Add dynamic migrations to SCHED_DEADLINE, so that tasks can
be moved among CPUs when necessary. It is also possible to bind a
task to a (set of) CPU(s), thus restricting its capability of
migrating, or forbidding migrations at all.

The very same approach used in sched_rt is utilised:
 - -deadline tasks are kept into CPU-specific runqueues,
 - -deadline tasks are migrated among runqueues to achieve the
   following:
    * on an M-CPU system the M earliest deadline ready tasks
      are always running;
    * affinity/cpusets settings of all the -deadline tasks is
      always respected.

Therefore, this very special form of "load balancing" is done with
an active method, i.e., the scheduler pushes or pulls tasks between
runqueues when they are woken up and/or (de)scheduled.
IOW, every time a preemption occurs, the descheduled task might be sent
to some other CPU (depending on its deadline) to continue executing
(push). On the other hand, every time a CPU becomes idle, it might pull
the second earliest deadline ready task from some other CPU.

To enforce this, a pull operation is always attempted before taking any
scheduling decision (pre_schedule()), as well as a push one after each
scheduling decision (post_schedule()).
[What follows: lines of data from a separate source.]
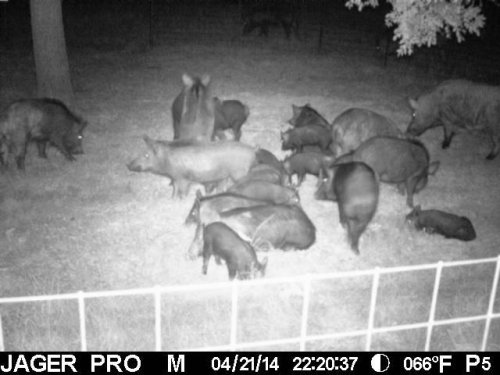 Hog wild: U.S. and Texas have ‘out of control’ population of ‘super-pigs,’ expert says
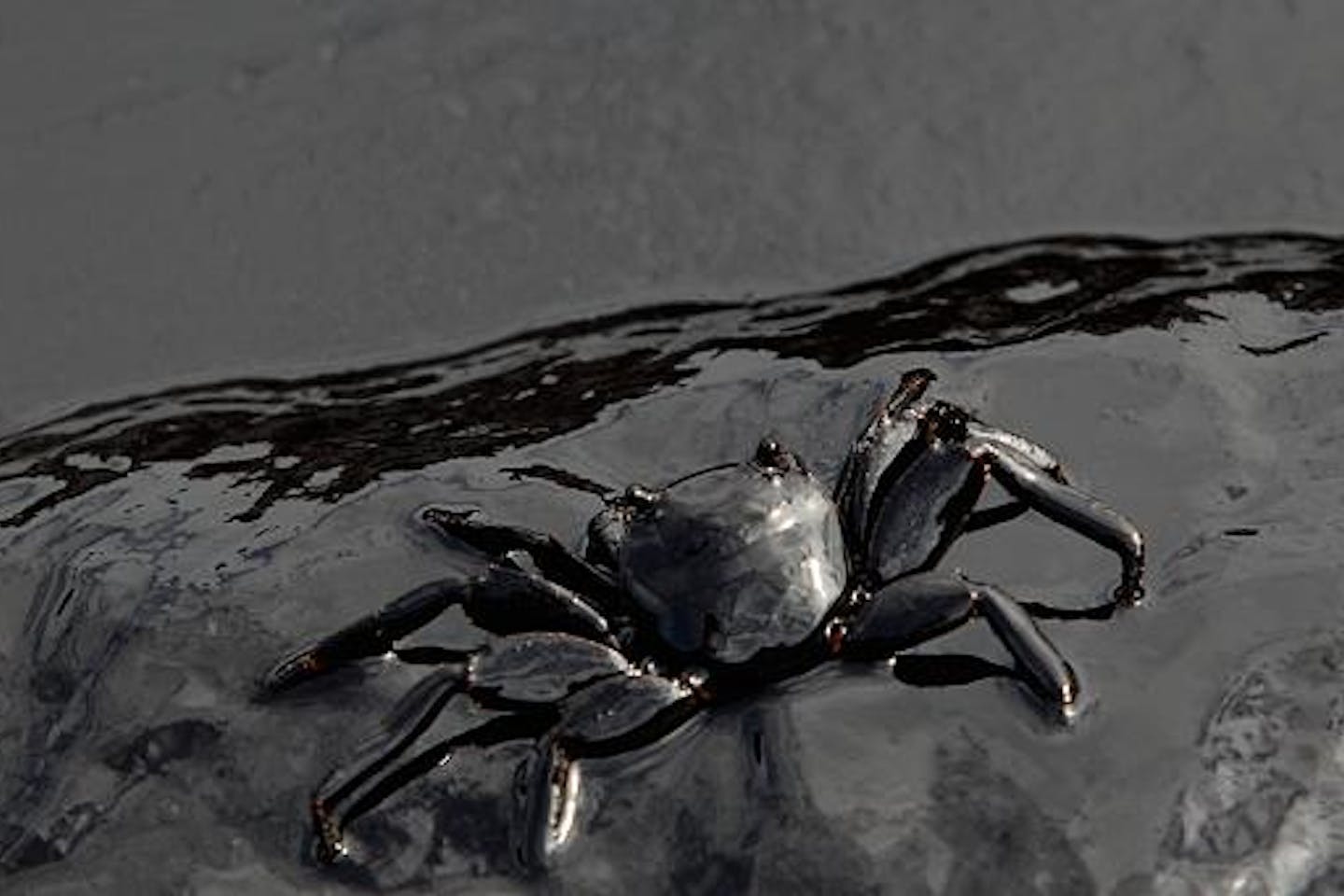 thai oil spill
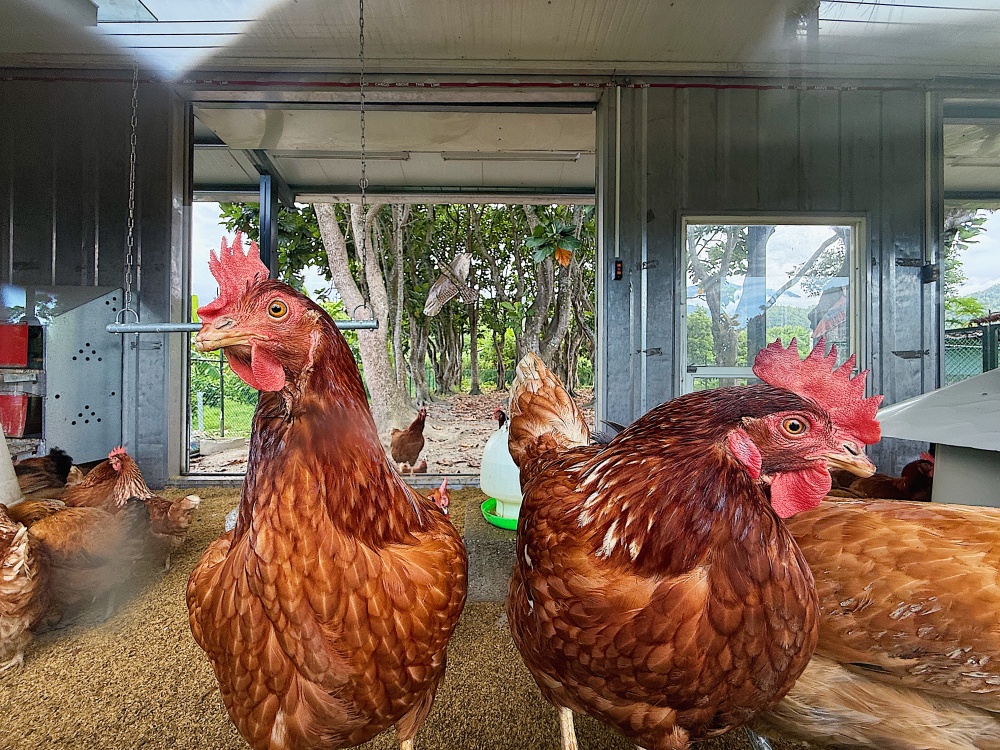 【花蓮壽豐】麵包樹下的養雞場┃每日新鮮直送好滋味,全台唯一放牧雞蛋的自動販賣機┃ 【花蓮壽豐】麵包樹下的養雞場┃每日新鮮直送好滋味,全台唯一放牧雞蛋的自動販賣機┃
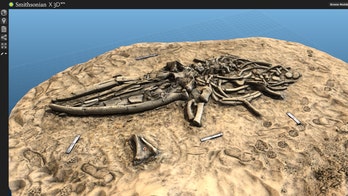 Museum scans dinosaur, mammoth -- in 3D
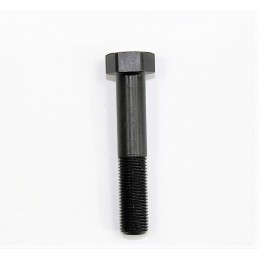 Short Head Screw L65mm SM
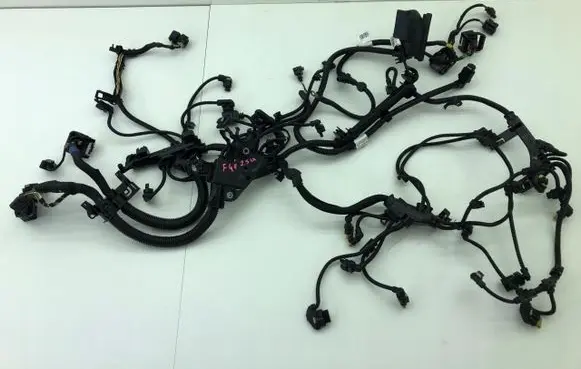 BMW X1 F48 F49 Engine installation wiring loom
In addition, when a task arrives
or wakes up, the best CPU where to resume it is selected taking into
account its affinity mask, the system topology, but also its deadline.
E.g., from the scheduling point of view, the best CPU where to wake
up (and also where to push) a task is the one which is running the task
with the latest deadline among the M executing ones.
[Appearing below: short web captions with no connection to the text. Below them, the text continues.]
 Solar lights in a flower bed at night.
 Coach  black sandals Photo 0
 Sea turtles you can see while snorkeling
In order to facilitate these decisions, per-runqueue "caching" of the
deadlines of the currently running and of the first ready task is used.
Queued but not running tasks are also parked in another rb-tree to
speed-up pushes.

Signed-off-by: Juri Lelli <juri.lelli@...il.com>
Signed-off-by: Dario Faggioli <raistlin@...ux.it>
---
 kernel/sched_dl.c |  912 +++++++++++++++++++++++++++++++++++++++++++++++++++--
 kernel/sched_rt.c |    2 +-
 2 files changed, 889 insertions(+), 25 deletions(-)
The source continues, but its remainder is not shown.